**What to do**
In the records below, take the line containing "Lovely child standing" and reproduce it and every subsequent line exactly, adding nothing.

[Records from a data source]
+++

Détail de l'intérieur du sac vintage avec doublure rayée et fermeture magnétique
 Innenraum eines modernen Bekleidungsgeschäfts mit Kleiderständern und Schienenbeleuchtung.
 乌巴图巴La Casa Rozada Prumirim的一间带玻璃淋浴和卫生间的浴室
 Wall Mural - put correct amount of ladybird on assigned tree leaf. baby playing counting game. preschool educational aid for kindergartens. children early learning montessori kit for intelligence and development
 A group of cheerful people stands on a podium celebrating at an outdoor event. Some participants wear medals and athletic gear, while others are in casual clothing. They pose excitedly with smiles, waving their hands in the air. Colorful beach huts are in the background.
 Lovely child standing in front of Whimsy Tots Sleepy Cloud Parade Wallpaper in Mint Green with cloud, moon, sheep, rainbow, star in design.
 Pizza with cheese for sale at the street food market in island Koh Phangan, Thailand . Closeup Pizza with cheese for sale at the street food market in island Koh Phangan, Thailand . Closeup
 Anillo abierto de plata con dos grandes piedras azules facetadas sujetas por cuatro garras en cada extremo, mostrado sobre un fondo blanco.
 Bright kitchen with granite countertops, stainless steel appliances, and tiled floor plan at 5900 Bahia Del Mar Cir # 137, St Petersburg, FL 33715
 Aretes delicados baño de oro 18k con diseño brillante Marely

+++

**Your solution**
 Lovely child standing in front of Whimsy Tots Sleepy Cloud Parade Wallpaper in Mint Green with cloud, moon, sheep, rainbow, star in design.
 Pizza with cheese for sale at the street food market in island Koh Phangan, Thailand . Closeup Pizza with cheese for sale at the street food market in island Koh Phangan, Thailand . Closeup
 Anillo abierto de plata con dos grandes piedras azules facetadas sujetas por cuatro garras en cada extremo, mostrado sobre un fondo blanco.
 Bright kitchen with granite countertops, stainless steel appliances, and tiled floor plan at 5900 Bahia Del Mar Cir # 137, St Petersburg, FL 33715
 Aretes delicados baño de oro 18k con diseño brillante Marely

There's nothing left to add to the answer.